Josh Gilbert, market analyst at eToro, shares his three things to watch this week.
1. AU unemployment
After last week's rate rise, incoming economic data holds the key to whether Tuesday was the last hike in the RBA's current tightening cycle. This week sees the first set of that data with employment figures.
Employment looks set to remain robust, with unemployment figures lingering near record lows and net employment additions expected to be solid.
The RBA will know that increasing unemployment is on the horizon, with the full extent of current economic conditions yet to be truly felt by the economy.
Migration is high, and data from Seek this week showed job adverts are falling.
Market forecasts for unemployment month-on-month have remained fairly accurate, and while November’s reading is unlikely to be the first time we see a sharp increase in the unemployment figures, it’s hard to see levels remaining low far into 2024.
With that being the case, it's unlikely the Reserve Bank will feel the need to tighten policy any further from here.
2. AU consumer confidence
Next week's reading of consumer confidence is unlikely to indicate that consumers are feeling any more positive following another rate rise from the Reserve Bank and hotter-than-expected inflation.
This latest move from the RBA will undoubtedly put pressure on households, especially as savings continue to evaporate just ahead of an expensive time of year.

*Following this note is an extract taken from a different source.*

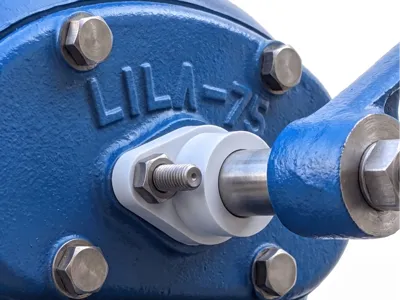 LILA 75 Hand Pump - Gland Cover Replacement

With many Australian households feeling the pinch, pressure is mounting on the Federal Labor Government to reconsider its plan to introduce stage three tax cuts.
One of the party’s key election promises, the planned cuts to tax for high-income earners would likely cause a boost to retail sales and consumer confidence while doing little to ease the pressure felt by mortgage holders and renters – many of whom will inevitably feel the unwanted sting of this week’s rate rise, right before Christmas.
3. Alibaba (NYSE:BABA) and Tencent earnings
It's been a pretty miserable year for these two tech giants, with broader tech shares globally seeing huge gains while these Chinese-based companies continue to underwhelm.
China's struggling economy has weighed on these companies despite the relaxation of regulations from Chinese Authorities. The good news for investors is that both these stocks have depressed valuations, making them attractive for contrarian investors.
Alibaba’s future may be looking brighter, however, with recent news from CEO Eddie Wu indicating the company aspires to become an open tech platform and provide infrastructure for AI innovation and transformation in thousands of industries.
Tencent also has some positives on the horizon, with the company recently announcing it will be globally launching TanLIVE, its climate community platform, at the upcoming 2023 United Nations Climate Change Conference. The platform is designed to empower and connect organisations working towards carbon neutrality.